** Opening Information shown block **

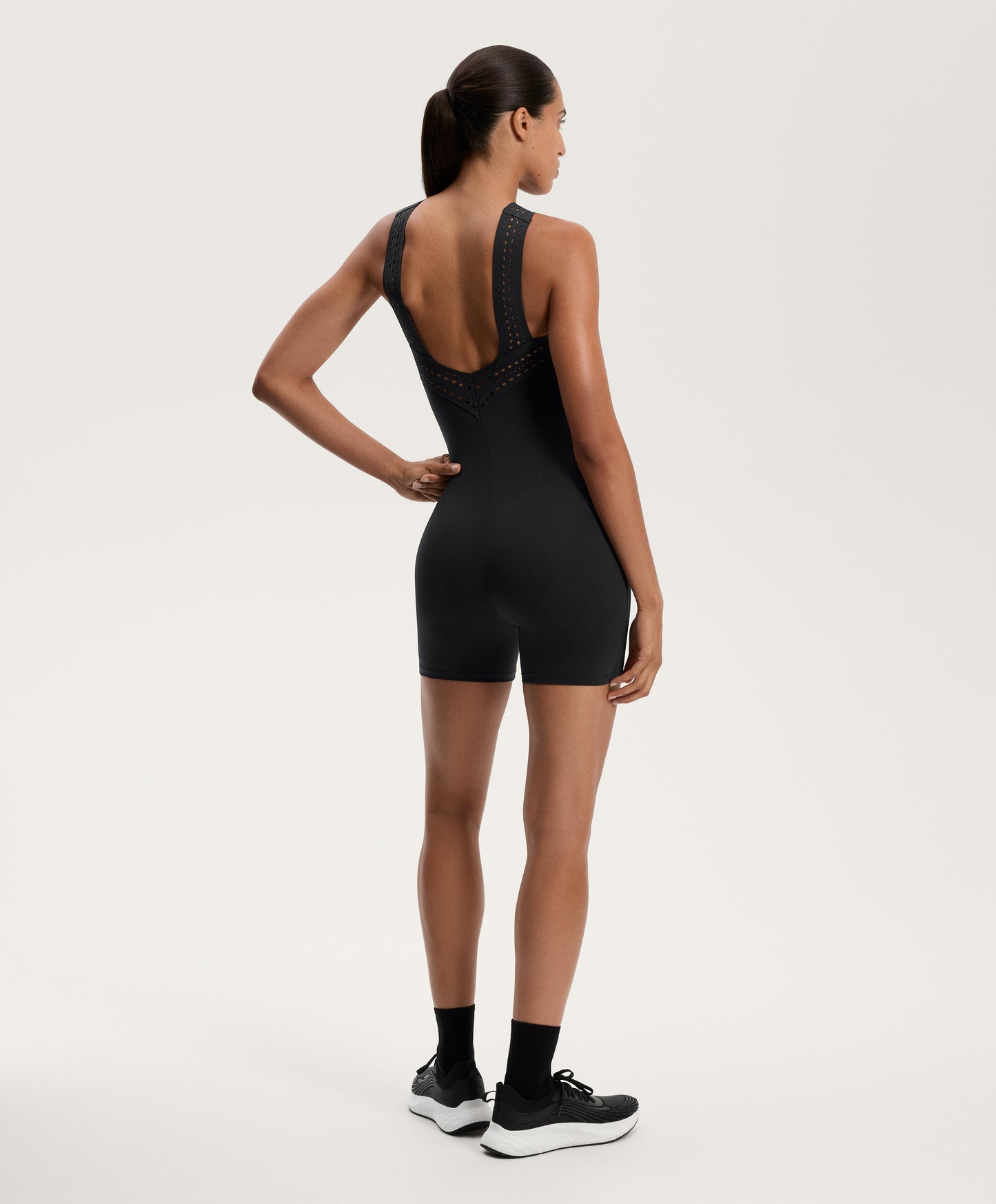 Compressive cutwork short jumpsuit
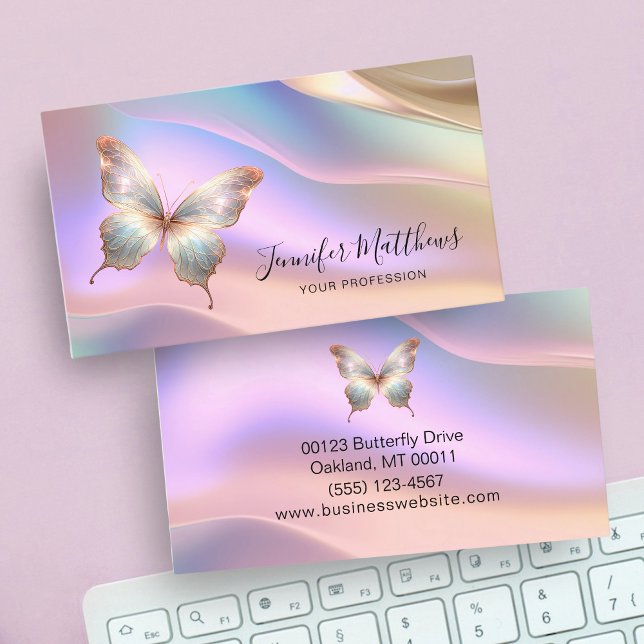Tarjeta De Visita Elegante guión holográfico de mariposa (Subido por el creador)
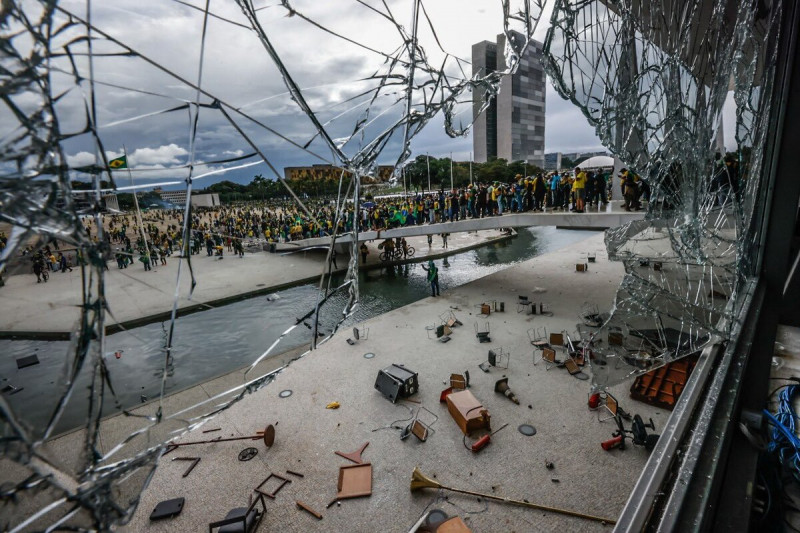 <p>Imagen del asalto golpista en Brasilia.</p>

** Closing Information shown block **

Task to carry out
Write out every line above exactly, minus images.

Result of this exercise
 Compressive cutwork short jumpsuit
Tarjeta De Visita Elegante guión holográfico de mariposa (Subido por el creador)
 <p>Imagen del asalto golpista en Brasilia.</p>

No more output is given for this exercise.